***** The data *****

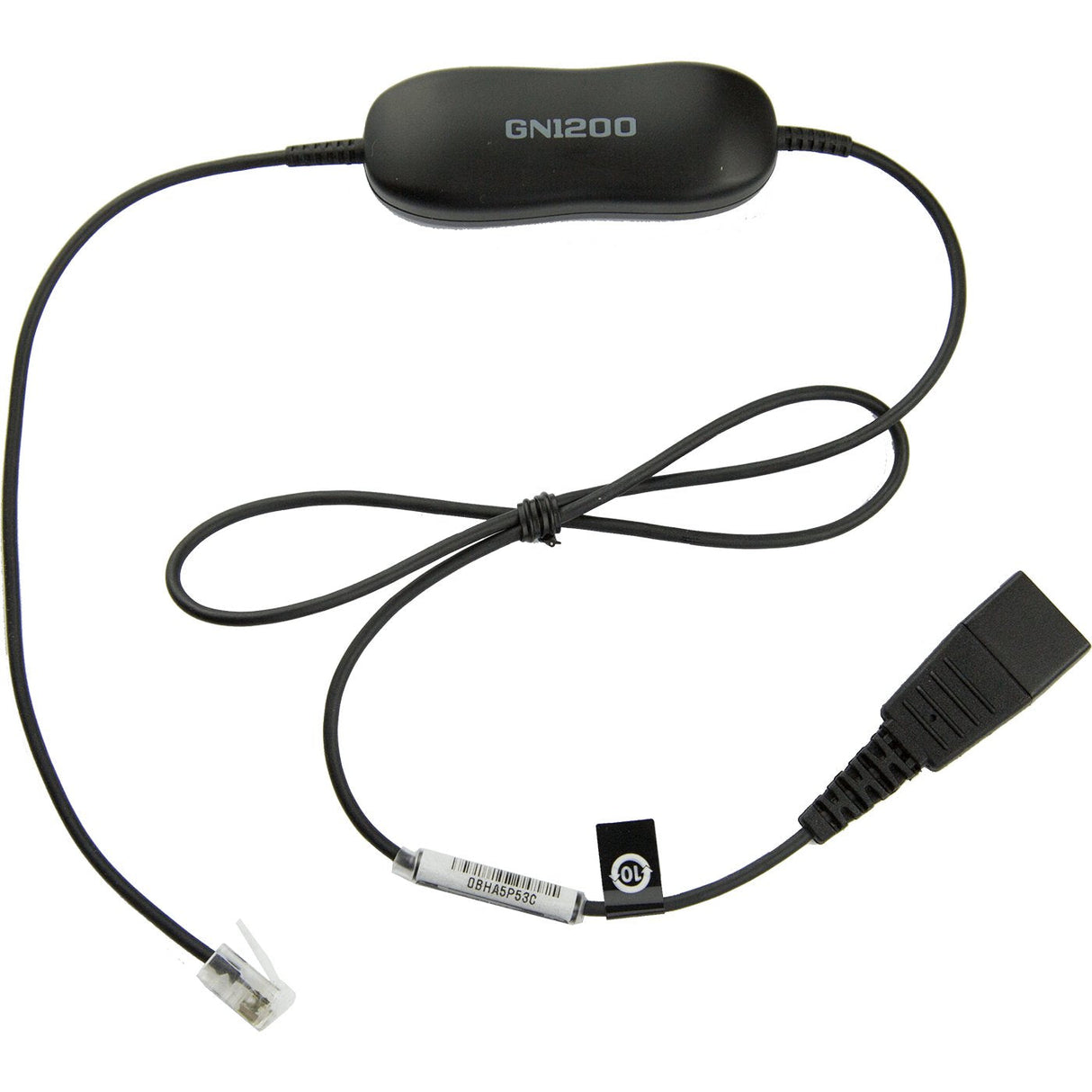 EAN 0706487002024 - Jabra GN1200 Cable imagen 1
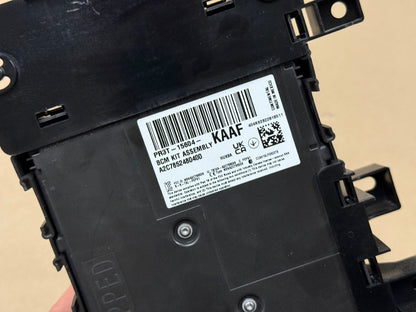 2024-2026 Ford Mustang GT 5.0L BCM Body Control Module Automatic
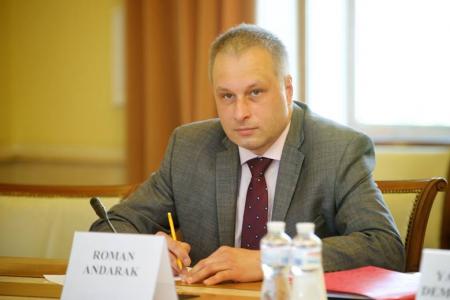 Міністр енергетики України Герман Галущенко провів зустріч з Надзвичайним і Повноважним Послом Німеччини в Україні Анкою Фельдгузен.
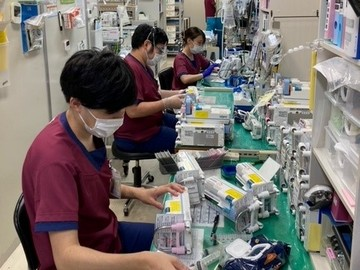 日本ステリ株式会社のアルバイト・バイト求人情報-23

*****
***** The data *****

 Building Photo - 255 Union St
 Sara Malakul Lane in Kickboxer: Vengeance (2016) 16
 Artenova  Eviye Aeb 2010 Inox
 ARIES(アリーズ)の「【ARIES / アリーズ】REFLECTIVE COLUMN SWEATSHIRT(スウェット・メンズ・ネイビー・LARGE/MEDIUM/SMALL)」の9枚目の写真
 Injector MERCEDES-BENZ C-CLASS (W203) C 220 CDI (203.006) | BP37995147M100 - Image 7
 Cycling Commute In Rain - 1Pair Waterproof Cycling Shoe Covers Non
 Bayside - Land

*****

Each line in the entries above, starting at the line with "Injector MERCEDES-BENZ C-CLASS" and ending at the line with "Bayside - Land", is to be printed exactly, and only those lines.

◆ **Solved problem**:
 Injector MERCEDES-BENZ C-CLASS (W203) C 220 CDI (203.006) | BP37995147M100 - Image 7
 Cycling Commute In Rain - 1Pair Waterproof Cycling Shoe Covers Non
 Bayside - Land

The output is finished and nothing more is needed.